One of the simplest ways to get perfectly shaped spam musubi in this recipe is to use a musubi press. To use the musubi press, simply place the rice inside, gently press down and carefully remove the press.
If you wish to cut your Spam musubi, it will help to use a sushi cutter to ensure precise and perfect slicing.
Cooking the rice for this spam recipe in a rice cooker is the fastest way to get the grains cooked. Not only is it quick, it also leaves with great quality rice.
While you’re free to experiment with the Spam recipe, it is not recommended to use friend rice as cooked Spam already has saturated fat. Adding oily fried rice will make the recipe too rich in fat to eat. Not to mention that it may clash with the taste of the musubi Spam slices.
If you feel like this tasty Spam musubi could use a little more creativity, you can try the simple variations below:
Make Spam musubi with catsup, cooked eggs, sliced cheese, Spam, and additional rice. Fully wrap the nori around the sushi and slice in half.
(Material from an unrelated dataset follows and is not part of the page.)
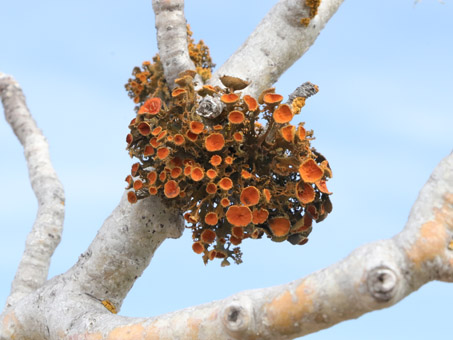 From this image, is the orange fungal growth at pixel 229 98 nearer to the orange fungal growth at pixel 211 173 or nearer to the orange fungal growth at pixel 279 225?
the orange fungal growth at pixel 211 173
Prepare Spam musubi as usual, but divide the rice between each spam musubi to sandwich the spam. Combine sriracha with mayo to make spicy mayo. Prepare three dredging bowls: one for flour, one for egg, and one for breadcrumbs (panko).
The Spam musubi should be properly dipped in flour, then egg, and finally panko, before frying. Fry until golden on all sides. Drain excess oil, cut the Spam musubi in half, and serve with spicy mayo and scallions on the side.
Stir fry the following in a large skillet: Chopped kimchi, kimchi juice, gochujang, cooked rice, sesame oil, scallions, and sesame seeds. Follow the regular Spam musubi directions above, except when assembling the Spam musubi, add cucumber between the rice and Spam.